Most power supplies regulate their output using local sense—monitoring voltage at the supply’s own output terminals. This works fine in ideal conditions, but in real systems, the path from supply to load includes resistance from wires, connectors, and circuit-board traces. As current increases, even small resistances can cause significant voltage drop, meaning the load receives less than intended.

Remote sense solves this by relocating the feedback point to the load itself. Instead of trusting the voltage at the supply’s output, it uses a separate pair of sense wires to measure the voltage at the load terminals. The supply then adjusts its output to compensate for any drop along the way, ensuring the load sees the correct voltage—even under dynamic or high-current conditions.

This simple shift in measurement point can dramatically improve regulation accuracy, especially in systems with long cables, high currents, or sensitive loads. Many benchtop and lab-grade power supplies now include this feature, often with a front-panel or software-selectable option to toggle between local and remote sense. When testing precision circuits or powering remote loads, enabling remote sense can make all the difference.

Figure 1 Simplified schematic illustrates a remote-sense setup with external output and sense wires. Source: Author

As a sidenote on what local sense really does, it seems many benchtop power supplies now include a simple switch—or sometimes local-sense jumpers—to select between local and remote sense. In local-sense mode, the supply regulates using the voltage at its own output terminals.

Switching to remote sense hands regulation to the separate sense leads, allowing the supply to track the voltage at the load instead. This selectable mechanism lets you match the regulation method to the setup—local sense for short leads and quick tests and remote sense when wiring losses matter.

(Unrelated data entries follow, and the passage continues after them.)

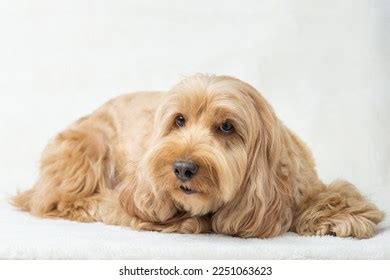 Image result for Cockapoo Dog Sitting Down
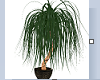 Palme Plants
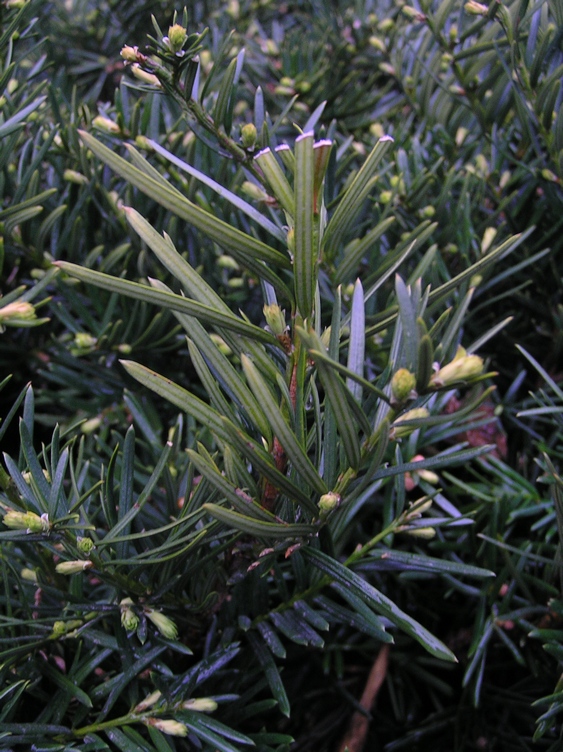 Изображение особи Taxus cuspidata.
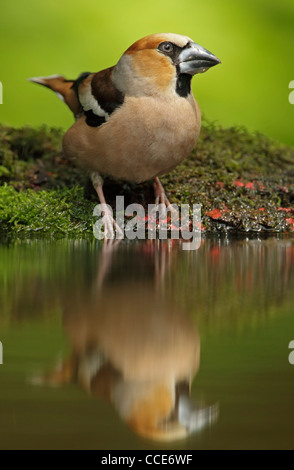 Hawfinch (Cocothraustes cocothraustes) maschio in piedi sulla banca di muschio di un piccolo bosco piscina con acqua sul suo becco Foto Stock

Figure 2 Wiring diagram shows a power supply with local-sense jumpers installed. Source: Author

Put simply, for a local-sense configuration, you install the local-sense jumpers so that the Sense + and Sense – terminals are tied directly to the corresponding + and – output terminals on the power supply’s output connector. For a remote-sense configuration, all local sense jumpers are removed, and the Sense + and Sense – terminals are routed externally to the matching + and – points at the load or device under test (DUT).

Note at this point that power supplies with a local/remote sense selector switch don’t require separate local sense jumpers. That is, power supplies equipped with a physical or electronic local/remote sense switch (or a digital configuration setting) utilize internal circuitry to bridge the sense lines to the output terminals. This eliminates the need for the external metal jumpers or wire loops typically found on the barrier strips of older or simpler power supplies.

4-wire sensing: More sensible pointers on remote sense

Starting this session with a cautionary note, always verify the selector switch position and all sensing connections before enabling the output. Setting the switch to Remote without sense wires attached can trigger the feedback loop to detect zero voltage and attempt to compensate. This often forces the power supply to its maximum voltage, potentially damaging your equipment even if physical jumpers are absent.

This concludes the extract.